How many Jews fit in a Volkswagen? Was the question meant as a provocation when it was asked during the 1950s? At the very least, the question must have reminded Germans of the fact that the postwar Volkswagen was different from the Volkswagen promised before 1945. Jews were now allowed to enter and drive it, something that was certainly never intended by the Nazi regime.94 Telling the joke, in any case, assumed a laughing audience of Aryan Germans. It thereby performed, and repeated, a cultural practice of exclusion and dehumanization. As a speech act the joke painfully gives linguistic presence to the mass murder that had been the result of precisely the kind of body politic that the Volkswagen had silently continued to manifest after the war.
Paying attention to the uncanny has proved to be a helpful methodological tool for exposing rarely acknowledged meanings of this powerful icon of postwar West Germany and by extension postwar modernity. It has enabled me to identify as a “ghost” a personal memory of the joke and an archival encounter with an advertisement that seemed to make no sense. Experiencing the ghostly aspects of these apparitions has meant to recognize their unique characteristic of lingering in a limbo between past and present, disrupting the usually unproblematic separation between a “then” and a “now,” a disavowed and objectified past and a present that is owned as one's own. This is what makes the postwar Volkswagen an “imperial debris,” a manifestation of a disorienting and therefore haunting cultural formation.95
Postcolonial studies scholars have started to resort to the notion of haunting in order to grasp the ongoing presence of the colonial past after the formal end of empire, the bewildering ways in which “the complex colonial legacy [is] still circulating in and between former imperialist centers and their peripheries.”96 Homi Bhabha's text “The World and the Home” (1992) has played an influential role in these conversations. Bhabha declared the “unhomely” and the haunting “a paradigmatic post-colonial experience.”97 Whereas the ghostly can also be approached as an object of study, in the context of postcolonial studies the concept is used in particular to reflect on how the confusion about the relationship between past and present bears on those who study the past.98 The case of the Volkswagen as an “imperial debris” speaks to this latter dimension and encourages us to think about postwar West Germany as a postcolonial society shaped by the unruly presence of a double colonialist past.99 The image of a Volkswagen whose “healthy constitution” could neither be “harmed” by “the cold in the east nor the heat in the desert sand” is a reminder of the manifold entanglements between Germany's earlier colonial presence outside of Europe and the Nazi version of a colonial project on European grounds, entanglements that are the object of recent academic debates and a growing body of historical scholarship.100
While “imperial debris” have mostly been identified in former colonies, the concept applies here to a metropolitan culture after empire.101 The Volkswagen as a postwar symbol emerged fully after, as Robert Young has put it, Europe's “own postcoloniality with respect to the Nazi empire was instituted.” The process to formally end the imperial regimes of the other European countries, however, took much longer, thereby producing a long-lasting “postcolonial condition” and carving out the terrain in which “imperial debris” can still haunt the present.102 Yet, the “ruination” of social relations that the Volkswagen carried into the postwar present was hidden behind and within its “miraculous” existence as a timeless commodity.
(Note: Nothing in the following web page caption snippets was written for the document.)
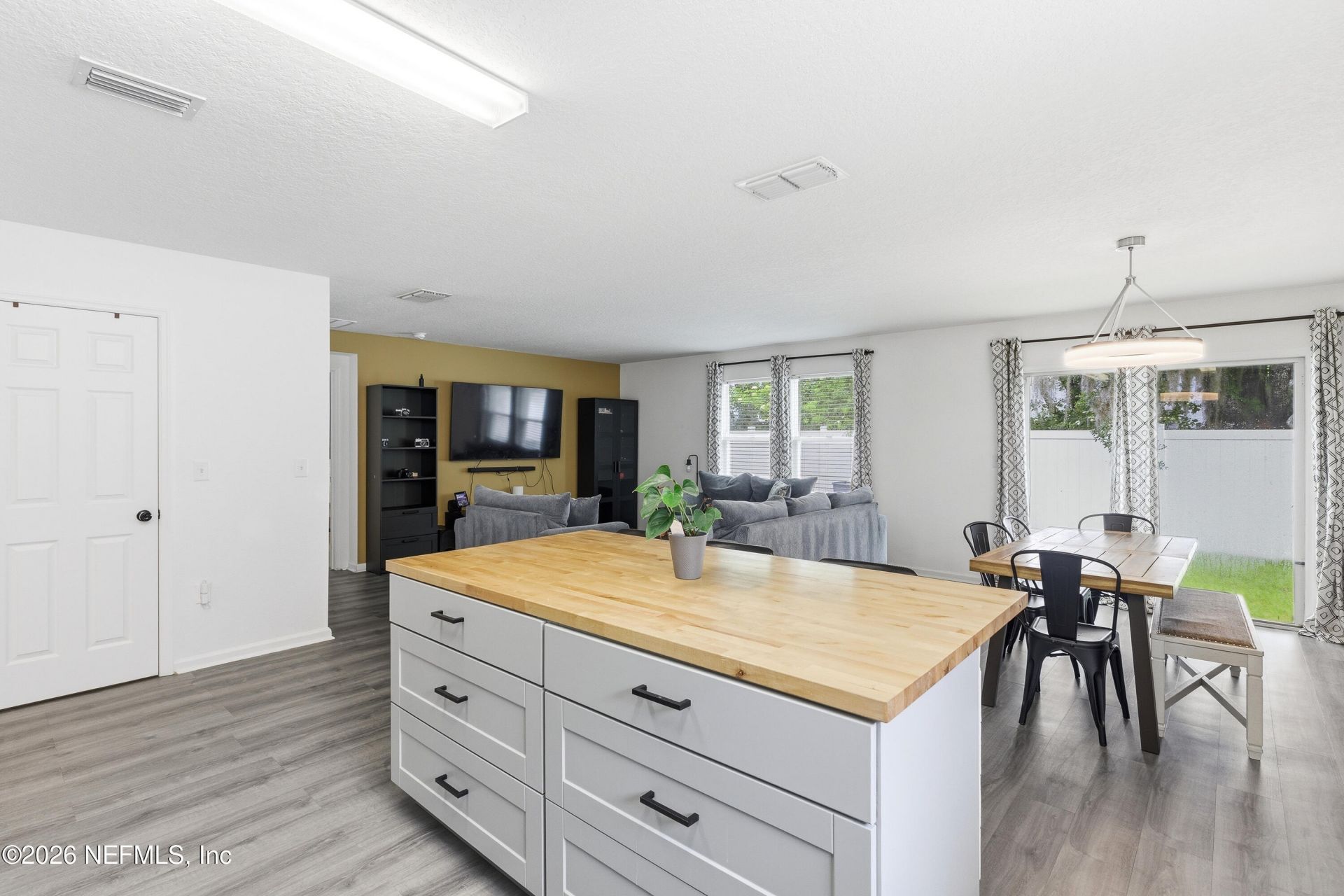 6405 Barrington Cove Lane, Jacksonville, FL 32218 Photo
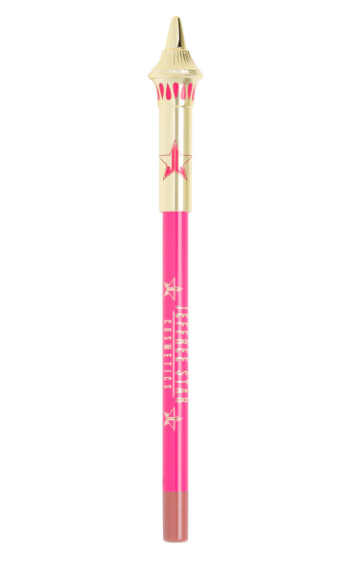 Velour Lip Liner - Mannequin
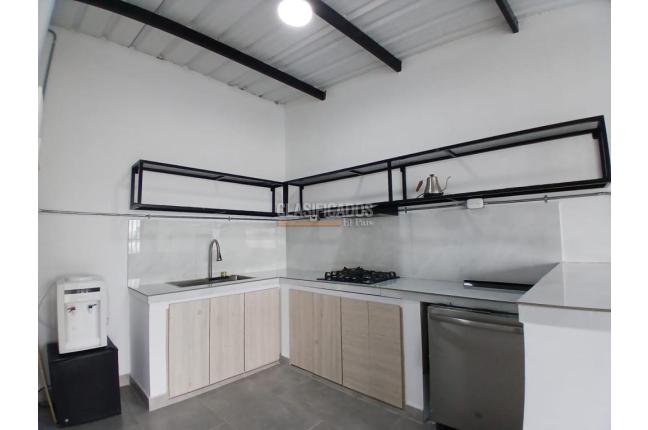 Apartamentos, Alquiler, Pereira - $1.500.000
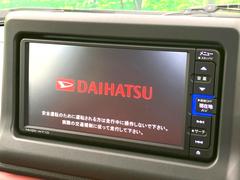 ڽʥӡۿ͵νʥӤƤޤʥӤλȤ䤹Ϥ󡢥ǥǽ⽼¡פιԤϤ̶Ф㤤ʪʤʤΥɥ饤֤ڤʤϤ 3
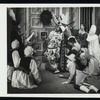 The Comedy of Errors, by William Shakespeare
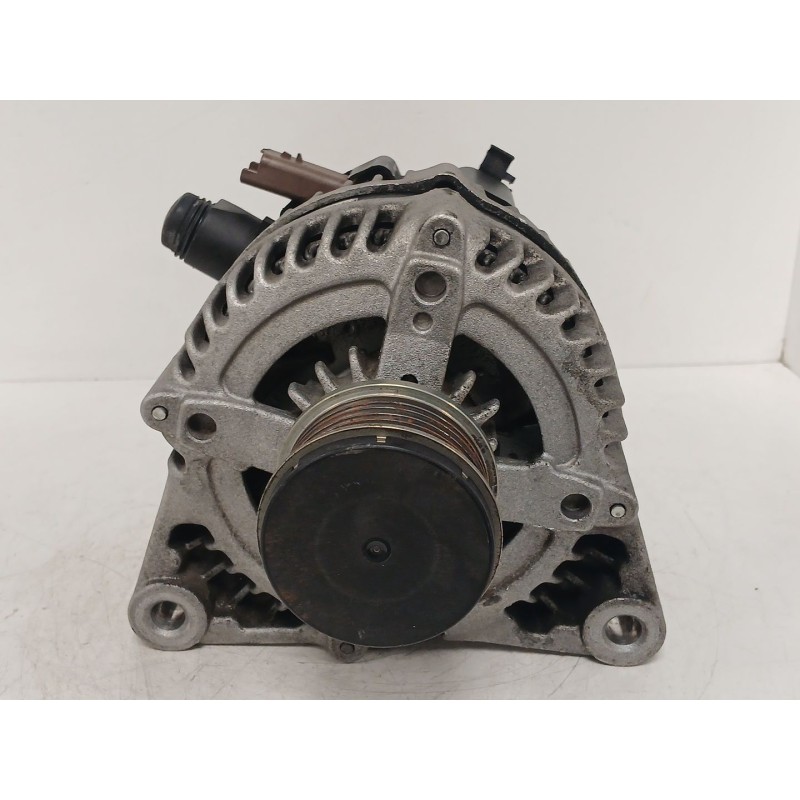 Recambio de alternador para opel corsa f (p2jo) 1.5 (68) referencia OEM IAM 9835688980  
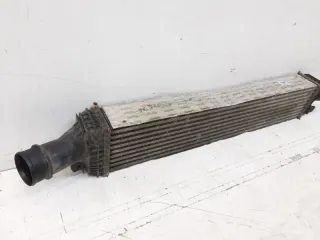 8K0145805E Интеркулер Audi A6 C7 (S6,RS6) Арт 2-42873, вид 2
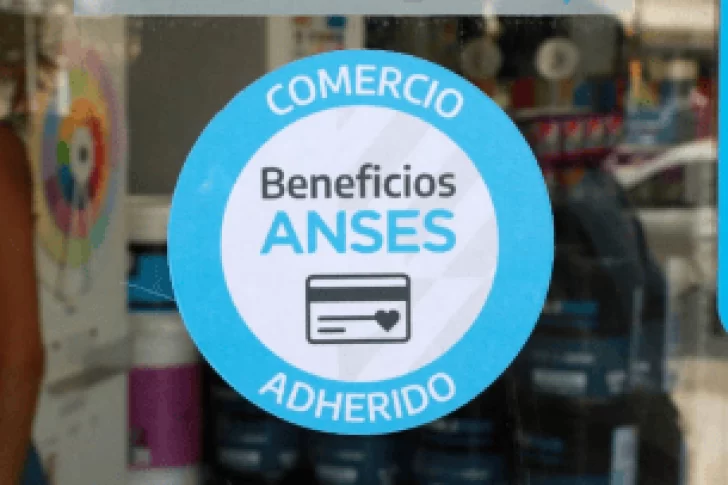 Cómo aprovechar en diciembre 2025 los descuentos para jubilados y pensionados de hasta el 40%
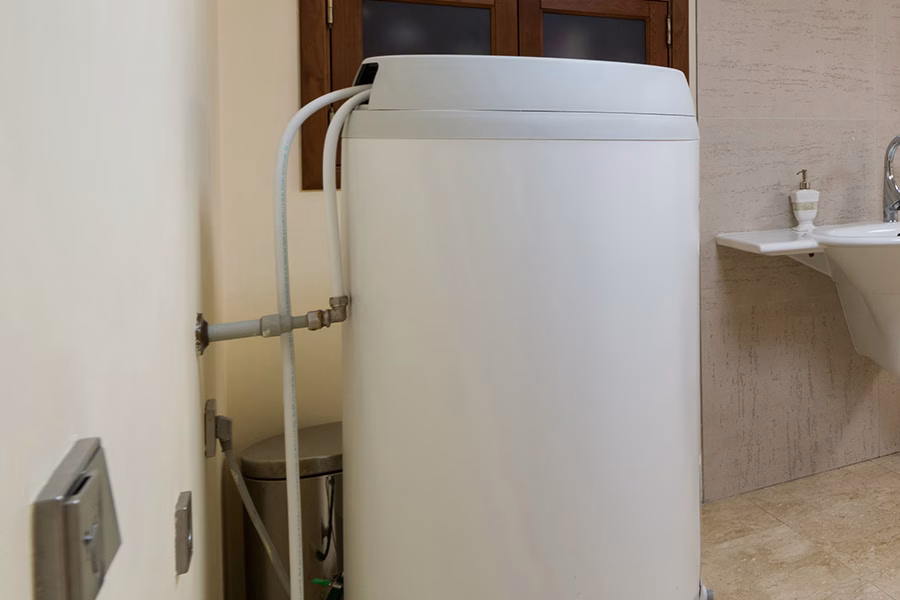 Professional Boiler Repair in Gainesville GA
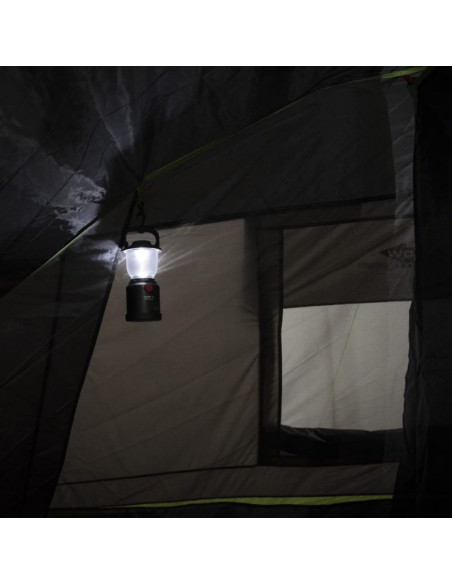 Namiot High Peak Meran 4 11806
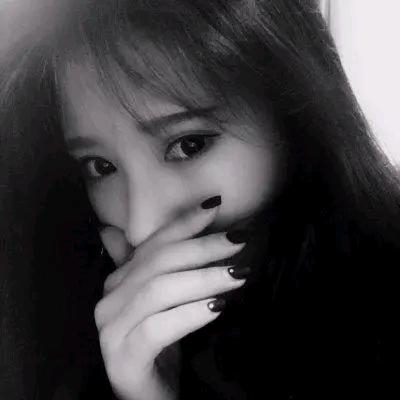 万物不及你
This Volkswagen story, then, is not only about ghosts, but also about miracles. The car did not only haunt West German society as unspeakable debris of the Nazi empire, but it also enchanted postwar West German society as the symbol of the “economic miracle.” Ghostliness turns up in relation to that which society “knows and does not know”103 about itself and which it therefore cannot articulate. The trope of the “economic miracle” can be defined as a collective myth, a story about an improbable and therefore wonderful occurrence that society willfully identifies with. In the case of the Volkswagen, the ghostly and the miraculous belong together. The Volkswagen and the miracle that it embodied exemplify an enchantment that is about un-seeing the ongoing presence of a disavowed past and turning it into something that is hidden in plain sight yet never properly graspable.
Is this configuration of the ghostly and the enchanted limited to the Volkswagen case and to the “economic miracle” of West Germany? The previous paragraph has indicated the extent to which the Volkswagen “miracle” was imagined as a global phenomenon by West Germans and how this imagination was enabled through a transnational, and especially transatlantic production of meaning. We should think of it, therefore, as a piece in a larger transformation of the political and cultural framework during the formative postwar years between 1945 and 1960. During these years the notion of the “West” as a cultural-geographic sphere binding together societies with a common history, a “modern” culture, and liberal political norms became dominant.104 At the same time, free trade and a Taylorist emphasis on productivity were promoted intensely in the context of the Marshall Plan as the definitive formula to solve Western Europe's social, economic, and political problems. Part of this endeavor was to imbue the resulting consumer objects with a socially and politically redemptive, or miraculous, quality. Considering both of these newly established frameworks of meaning as well as their interdependence is important to understanding how the Nazi Volkswagen could reemerge as Germany's favorite “miracle car.”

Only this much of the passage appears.